Information shown:

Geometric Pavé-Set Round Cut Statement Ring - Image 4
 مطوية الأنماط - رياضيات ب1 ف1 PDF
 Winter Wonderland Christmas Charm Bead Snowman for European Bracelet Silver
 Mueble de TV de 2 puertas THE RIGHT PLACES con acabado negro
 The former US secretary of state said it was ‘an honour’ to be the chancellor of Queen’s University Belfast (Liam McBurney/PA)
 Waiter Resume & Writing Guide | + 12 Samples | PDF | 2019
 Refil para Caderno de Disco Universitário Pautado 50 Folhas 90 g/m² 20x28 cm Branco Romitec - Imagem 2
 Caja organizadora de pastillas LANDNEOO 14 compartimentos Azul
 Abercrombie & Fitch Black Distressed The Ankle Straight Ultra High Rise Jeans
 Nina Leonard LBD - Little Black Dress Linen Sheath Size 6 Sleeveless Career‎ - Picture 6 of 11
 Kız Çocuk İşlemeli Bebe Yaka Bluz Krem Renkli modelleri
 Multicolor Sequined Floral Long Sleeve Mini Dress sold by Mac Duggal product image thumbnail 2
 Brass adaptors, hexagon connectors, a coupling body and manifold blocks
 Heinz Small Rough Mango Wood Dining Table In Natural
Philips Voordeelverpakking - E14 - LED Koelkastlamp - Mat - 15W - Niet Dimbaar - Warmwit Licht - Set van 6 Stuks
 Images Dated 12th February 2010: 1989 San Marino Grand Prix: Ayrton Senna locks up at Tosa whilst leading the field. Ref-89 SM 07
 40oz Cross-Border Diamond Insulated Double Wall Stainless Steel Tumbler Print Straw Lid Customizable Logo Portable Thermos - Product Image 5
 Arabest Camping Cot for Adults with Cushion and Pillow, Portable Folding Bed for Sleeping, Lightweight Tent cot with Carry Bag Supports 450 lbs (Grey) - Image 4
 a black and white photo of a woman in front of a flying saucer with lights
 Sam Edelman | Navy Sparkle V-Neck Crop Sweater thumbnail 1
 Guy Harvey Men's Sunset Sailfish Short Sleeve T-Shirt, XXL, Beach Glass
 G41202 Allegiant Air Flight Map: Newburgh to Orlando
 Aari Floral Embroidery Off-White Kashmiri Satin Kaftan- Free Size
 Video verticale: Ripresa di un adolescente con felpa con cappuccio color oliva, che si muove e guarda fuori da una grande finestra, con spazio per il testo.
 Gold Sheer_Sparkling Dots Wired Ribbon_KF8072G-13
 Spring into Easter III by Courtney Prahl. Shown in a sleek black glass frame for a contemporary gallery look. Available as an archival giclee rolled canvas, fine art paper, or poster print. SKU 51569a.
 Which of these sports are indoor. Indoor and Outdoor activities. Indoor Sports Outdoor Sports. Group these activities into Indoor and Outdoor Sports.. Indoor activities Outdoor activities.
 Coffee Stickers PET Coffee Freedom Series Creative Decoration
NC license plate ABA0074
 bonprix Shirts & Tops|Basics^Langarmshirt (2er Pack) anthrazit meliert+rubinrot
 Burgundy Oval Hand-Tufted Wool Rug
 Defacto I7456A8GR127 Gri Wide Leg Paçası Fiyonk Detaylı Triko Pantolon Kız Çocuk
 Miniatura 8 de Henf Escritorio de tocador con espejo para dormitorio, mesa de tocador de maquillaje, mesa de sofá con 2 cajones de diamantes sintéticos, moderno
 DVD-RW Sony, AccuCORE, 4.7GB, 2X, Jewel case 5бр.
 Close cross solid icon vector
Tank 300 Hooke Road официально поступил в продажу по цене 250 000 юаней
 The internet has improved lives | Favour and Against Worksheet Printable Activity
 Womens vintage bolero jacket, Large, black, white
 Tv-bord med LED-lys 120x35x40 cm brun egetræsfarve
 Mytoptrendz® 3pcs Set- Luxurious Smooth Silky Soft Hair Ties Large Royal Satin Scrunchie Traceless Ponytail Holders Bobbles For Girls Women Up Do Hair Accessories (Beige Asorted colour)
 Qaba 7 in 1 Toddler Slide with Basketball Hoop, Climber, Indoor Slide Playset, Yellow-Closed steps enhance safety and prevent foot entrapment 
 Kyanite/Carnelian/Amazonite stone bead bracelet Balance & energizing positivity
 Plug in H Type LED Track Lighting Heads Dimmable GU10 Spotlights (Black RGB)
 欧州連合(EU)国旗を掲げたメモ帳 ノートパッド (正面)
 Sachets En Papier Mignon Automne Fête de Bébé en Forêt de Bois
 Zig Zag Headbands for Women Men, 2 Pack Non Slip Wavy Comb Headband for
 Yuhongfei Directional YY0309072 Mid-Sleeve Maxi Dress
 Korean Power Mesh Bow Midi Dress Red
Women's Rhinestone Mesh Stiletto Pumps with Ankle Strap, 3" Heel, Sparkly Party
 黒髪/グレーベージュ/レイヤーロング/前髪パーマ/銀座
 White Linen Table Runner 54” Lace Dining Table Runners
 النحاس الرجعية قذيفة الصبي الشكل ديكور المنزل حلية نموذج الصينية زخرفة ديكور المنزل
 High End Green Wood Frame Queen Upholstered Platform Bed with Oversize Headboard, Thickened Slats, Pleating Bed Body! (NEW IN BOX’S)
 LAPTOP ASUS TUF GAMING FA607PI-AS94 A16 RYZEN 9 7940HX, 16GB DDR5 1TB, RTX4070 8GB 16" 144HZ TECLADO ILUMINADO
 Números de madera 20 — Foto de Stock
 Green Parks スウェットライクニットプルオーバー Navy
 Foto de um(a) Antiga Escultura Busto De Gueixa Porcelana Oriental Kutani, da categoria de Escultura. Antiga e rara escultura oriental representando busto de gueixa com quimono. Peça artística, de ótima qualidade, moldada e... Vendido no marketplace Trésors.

Work required: Nothing is to be altered; retype each entry exactly.

Finished task:
Geometric Pavé-Set Round Cut Statement Ring - Image 4
 مطوية الأنماط - رياضيات ب1 ف1 PDF
 Winter Wonderland Christmas Charm Bead Snowman for European Bracelet Silver
 Mueble de TV de 2 puertas THE RIGHT PLACES con acabado negro
 The former US secretary of state said it was ‘an honour’ to be the chancellor of Queen’s University Belfast (Liam McBurney/PA)
 Waiter Resume & Writing Guide | + 12 Samples | PDF | 2019
 Refil para Caderno de Disco Universitário Pautado 50 Folhas 90 g/m² 20x28 cm Branco Romitec - Imagem 2
 Caja organizadora de pastillas LANDNEOO 14 compartimentos Azul
 Abercrombie & Fitch Black Distressed The Ankle Straight Ultra High Rise Jeans
 Nina Leonard LBD - Little Black Dress Linen Sheath Size 6 Sleeveless Career‎ - Picture 6 of 11
 Kız Çocuk İşlemeli Bebe Yaka Bluz Krem Renkli modelleri
 Multicolor Sequined Floral Long Sleeve Mini Dress sold by Mac Duggal product image thumbnail 2
 Brass adaptors, hexagon connectors, a coupling body and manifold blocks
 Heinz Small Rough Mango Wood Dining Table In Natural
Philips Voordeelverpakking - E14 - LED Koelkastlamp - Mat - 15W - Niet Dimbaar - Warmwit Licht - Set van 6 Stuks
 Images Dated 12th February 2010: 1989 San Marino Grand Prix: Ayrton Senna locks up at Tosa whilst leading the field. Ref-89 SM 07
 40oz Cross-Border Diamond Insulated Double Wall Stainless Steel Tumbler Print Straw Lid Customizable Logo Portable Thermos - Product Image 5
 Arabest Camping Cot for Adults with Cushion and Pillow, Portable Folding Bed for Sleeping, Lightweight Tent cot with Carry Bag Supports 450 lbs (Grey) - Image 4
 a black and white photo of a woman in front of a flying saucer with lights
 Sam Edelman | Navy Sparkle V-Neck Crop Sweater thumbnail 1
 Guy Harvey Men's Sunset Sailfish Short Sleeve T-Shirt, XXL, Beach Glass
 G41202 Allegiant Air Flight Map: Newburgh to Orlando
 Aari Floral Embroidery Off-White Kashmiri Satin Kaftan- Free Size
 Video verticale: Ripresa di un adolescente con felpa con cappuccio color oliva, che si muove e guarda fuori da una grande finestra, con spazio per il testo.
 Gold Sheer_Sparkling Dots Wired Ribbon_KF8072G-13
 Spring into Easter III by Courtney Prahl. Shown in a sleek black glass frame for a contemporary gallery look. Available as an archival giclee rolled canvas, fine art paper, or poster print. SKU 51569a.
 Which of these sports are indoor. Indoor and Outdoor activities. Indoor Sports Outdoor Sports. Group these activities into Indoor and Outdoor Sports.. Indoor activities Outdoor activities.
 Coffee Stickers PET Coffee Freedom Series Creative Decoration
NC license plate ABA0074
 bonprix Shirts & Tops|Basics^Langarmshirt (2er Pack) anthrazit meliert+rubinrot
 Burgundy Oval Hand-Tufted Wool Rug
 Defacto I7456A8GR127 Gri Wide Leg Paçası Fiyonk Detaylı Triko Pantolon Kız Çocuk
 Miniatura 8 de Henf Escritorio de tocador con espejo para dormitorio, mesa de tocador de maquillaje, mesa de sofá con 2 cajones de diamantes sintéticos, moderno
 DVD-RW Sony, AccuCORE, 4.7GB, 2X, Jewel case 5бр.
 Close cross solid icon vector
Tank 300 Hooke Road официально поступил в продажу по цене 250 000 юаней
 The internet has improved lives | Favour and Against Worksheet Printable Activity
 Womens vintage bolero jacket, Large, black, white
 Tv-bord med LED-lys 120x35x40 cm brun egetræsfarve
 Mytoptrendz® 3pcs Set- Luxurious Smooth Silky Soft Hair Ties Large Royal Satin Scrunchie Traceless Ponytail Holders Bobbles For Girls Women Up Do Hair Accessories (Beige Asorted colour)
 Qaba 7 in 1 Toddler Slide with Basketball Hoop, Climber, Indoor Slide Playset, Yellow-Closed steps enhance safety and prevent foot entrapment 
 Kyanite/Carnelian/Amazonite stone bead bracelet Balance & energizing positivity
 Plug in H Type LED Track Lighting Heads Dimmable GU10 Spotlights (Black RGB)
 欧州連合(EU)国旗を掲げたメモ帳 ノートパッド (正面)
 Sachets En Papier Mignon Automne Fête de Bébé en Forêt de Bois
 Zig Zag Headbands for Women Men, 2 Pack Non Slip Wavy Comb Headband for
 Yuhongfei Directional YY0309072 Mid-Sleeve Maxi Dress
 Korean Power Mesh Bow Midi Dress Red
Women's Rhinestone Mesh Stiletto Pumps with Ankle Strap, 3" Heel, Sparkly Party
 黒髪/グレーベージュ/レイヤーロング/前髪パーマ/銀座
 White Linen Table Runner 54” Lace Dining Table Runners
 النحاس الرجعية قذيفة الصبي الشكل ديكور المنزل حلية نموذج الصينية زخرفة ديكور المنزل
 High End Green Wood Frame Queen Upholstered Platform Bed with Oversize Headboard, Thickened Slats, Pleating Bed Body! (NEW IN BOX’S)
 LAPTOP ASUS TUF GAMING FA607PI-AS94 A16 RYZEN 9 7940HX, 16GB DDR5 1TB, RTX4070 8GB 16" 144HZ TECLADO ILUMINADO
 Números de madera 20 — Foto de Stock
 Green Parks スウェットライクニットプルオーバー Navy
 Foto de um(a) Antiga Escultura Busto De Gueixa Porcelana Oriental Kutani, da categoria de Escultura. Antiga e rara escultura oriental representando busto de gueixa com quimono. Peça artística, de ótima qualidade, moldada e... Vendido no marketplace Trésors.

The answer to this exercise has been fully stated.